● Required work
Show every line in the records below that contains the word "cats".

Segment Start: Input

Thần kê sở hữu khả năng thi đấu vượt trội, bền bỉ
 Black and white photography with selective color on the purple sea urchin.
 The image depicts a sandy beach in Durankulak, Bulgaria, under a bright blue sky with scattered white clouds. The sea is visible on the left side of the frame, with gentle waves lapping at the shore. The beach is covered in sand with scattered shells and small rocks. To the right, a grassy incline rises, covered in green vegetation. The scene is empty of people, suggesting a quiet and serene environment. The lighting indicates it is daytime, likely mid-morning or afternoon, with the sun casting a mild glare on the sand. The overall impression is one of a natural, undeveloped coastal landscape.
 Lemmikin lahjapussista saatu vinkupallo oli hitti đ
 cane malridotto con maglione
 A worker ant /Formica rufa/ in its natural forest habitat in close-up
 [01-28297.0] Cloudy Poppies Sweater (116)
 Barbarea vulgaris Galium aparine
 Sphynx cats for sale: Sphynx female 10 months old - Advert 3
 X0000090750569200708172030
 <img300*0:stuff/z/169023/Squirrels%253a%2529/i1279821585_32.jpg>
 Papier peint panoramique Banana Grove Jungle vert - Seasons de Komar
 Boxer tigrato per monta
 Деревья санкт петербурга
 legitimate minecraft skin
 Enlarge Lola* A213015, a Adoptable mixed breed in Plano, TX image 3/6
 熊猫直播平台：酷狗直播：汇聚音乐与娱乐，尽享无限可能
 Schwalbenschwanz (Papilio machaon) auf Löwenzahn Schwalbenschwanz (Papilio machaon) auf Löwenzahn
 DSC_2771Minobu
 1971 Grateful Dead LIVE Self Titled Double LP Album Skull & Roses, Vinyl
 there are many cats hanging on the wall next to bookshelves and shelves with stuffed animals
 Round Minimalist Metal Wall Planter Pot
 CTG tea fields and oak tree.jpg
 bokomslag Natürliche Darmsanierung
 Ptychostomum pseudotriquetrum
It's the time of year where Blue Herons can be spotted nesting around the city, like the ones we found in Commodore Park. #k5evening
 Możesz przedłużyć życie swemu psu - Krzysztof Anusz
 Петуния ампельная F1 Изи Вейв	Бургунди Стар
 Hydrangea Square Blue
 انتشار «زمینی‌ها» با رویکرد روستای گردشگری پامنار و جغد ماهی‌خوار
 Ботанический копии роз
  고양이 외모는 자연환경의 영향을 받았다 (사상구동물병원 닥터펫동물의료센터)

Segment End: Input

● Written response
 Sphynx cats for sale: Sphynx female 10 months old - Advert 3
 there are many cats hanging on the wall next to bookshelves and shelves with stuffed animals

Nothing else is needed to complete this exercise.